Tuesday 23 October 2012

last weekend the norwich castle open art show 2012 opened to the public and i was privileged to be on the guest list to attend a packed preview evening. i didn’t apply for this open art exhibition (and i was reminded by someone on the evening that if you don’t try, you’ll never know), but it was good to see some artists i know who had paintings selected for this showcase exhibition. so i have decided to show some pictures of their work here (taken at the exhibition preview).

this densely textured landscape oil painting by the artist mary spicer perfectly encapsulates the local farmland views; i felt like i could walk straight into the scene of this painting…

[furrowed field, january, by mary spicer, oil on canvas]

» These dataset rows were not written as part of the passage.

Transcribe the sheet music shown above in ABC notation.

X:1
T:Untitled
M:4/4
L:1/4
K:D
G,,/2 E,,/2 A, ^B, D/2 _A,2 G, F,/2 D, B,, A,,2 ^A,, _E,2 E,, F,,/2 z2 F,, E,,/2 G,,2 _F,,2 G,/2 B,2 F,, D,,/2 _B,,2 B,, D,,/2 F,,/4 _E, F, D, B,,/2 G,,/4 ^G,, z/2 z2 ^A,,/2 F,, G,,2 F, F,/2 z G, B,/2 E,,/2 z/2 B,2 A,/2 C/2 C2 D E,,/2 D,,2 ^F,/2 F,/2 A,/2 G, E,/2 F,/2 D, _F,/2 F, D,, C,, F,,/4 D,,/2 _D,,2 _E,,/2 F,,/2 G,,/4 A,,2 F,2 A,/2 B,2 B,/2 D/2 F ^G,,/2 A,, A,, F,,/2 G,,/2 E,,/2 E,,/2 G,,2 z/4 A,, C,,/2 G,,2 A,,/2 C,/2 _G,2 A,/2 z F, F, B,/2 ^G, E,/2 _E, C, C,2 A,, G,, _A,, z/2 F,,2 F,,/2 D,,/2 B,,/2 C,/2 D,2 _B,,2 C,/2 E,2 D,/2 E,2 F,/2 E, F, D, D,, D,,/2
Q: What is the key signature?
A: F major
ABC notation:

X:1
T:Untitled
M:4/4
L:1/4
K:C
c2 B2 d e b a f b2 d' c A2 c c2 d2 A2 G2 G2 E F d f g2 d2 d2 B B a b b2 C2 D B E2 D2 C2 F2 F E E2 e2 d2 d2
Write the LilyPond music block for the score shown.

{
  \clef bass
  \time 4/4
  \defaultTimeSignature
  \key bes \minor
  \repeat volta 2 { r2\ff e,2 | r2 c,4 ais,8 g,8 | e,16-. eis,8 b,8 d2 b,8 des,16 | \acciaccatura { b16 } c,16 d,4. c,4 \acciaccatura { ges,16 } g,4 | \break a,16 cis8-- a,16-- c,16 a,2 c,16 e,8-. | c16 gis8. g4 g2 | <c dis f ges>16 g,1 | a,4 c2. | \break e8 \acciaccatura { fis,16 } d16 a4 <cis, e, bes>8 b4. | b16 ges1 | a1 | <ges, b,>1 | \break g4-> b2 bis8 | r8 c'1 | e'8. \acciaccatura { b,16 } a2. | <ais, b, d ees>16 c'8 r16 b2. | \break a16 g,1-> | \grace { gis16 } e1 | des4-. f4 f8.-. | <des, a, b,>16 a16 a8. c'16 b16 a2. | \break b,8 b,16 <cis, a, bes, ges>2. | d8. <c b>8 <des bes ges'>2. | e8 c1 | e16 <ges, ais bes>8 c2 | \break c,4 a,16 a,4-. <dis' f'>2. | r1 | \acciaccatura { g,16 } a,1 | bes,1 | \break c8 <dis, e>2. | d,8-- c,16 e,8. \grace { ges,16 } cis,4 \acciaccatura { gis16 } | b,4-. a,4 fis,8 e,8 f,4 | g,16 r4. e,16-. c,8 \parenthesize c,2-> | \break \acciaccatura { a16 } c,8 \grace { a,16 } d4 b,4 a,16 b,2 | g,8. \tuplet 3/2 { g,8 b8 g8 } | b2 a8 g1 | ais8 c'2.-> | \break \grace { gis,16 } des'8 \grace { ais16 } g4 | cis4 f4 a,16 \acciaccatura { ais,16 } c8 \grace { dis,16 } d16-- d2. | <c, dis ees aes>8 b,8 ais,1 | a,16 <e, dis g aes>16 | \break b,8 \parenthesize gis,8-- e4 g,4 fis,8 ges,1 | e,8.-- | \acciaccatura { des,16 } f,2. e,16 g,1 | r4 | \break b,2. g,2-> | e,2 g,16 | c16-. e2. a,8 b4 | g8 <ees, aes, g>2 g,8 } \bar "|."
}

i’m just looking at the chunky, carved-up clods of black earth, treading carefully between the tractor tyre rucks, boots lead-heavy with mud, breathing the damp, cold air on a still winter’s morning, the motionless grey sky, the hazy orb of the sun barely seen through a soft blanket of cloud…

another artist who focuses on the rough, carved-up and deeply-sculpted patterns of ploughed fields in the agricultural landscape is david page

[starston ploughing swirl by david page, oil on canvas]

david page has said this is one of his most ‘abstract’ pieces. in some of his paintings there is a glimpse of an horizon at the very top of the picture plane to situate us in the landscape, but here the focus is squarely on the striated pattern of the ploughed earth, as if these marks are made not by ordinary mankind, recalling crop circles…

i then came across a lovely painting by the artist mike ashley, who i know through the art group i belong to, artworks. when i first saw this painting from a distance i thought it was a snow-covered fieldside (perhaps fields had over-preoccupied my thoughts, given there are quite a few rural landscapes in this exhibition)…

[rising tide by mike ashley, acrylic on board]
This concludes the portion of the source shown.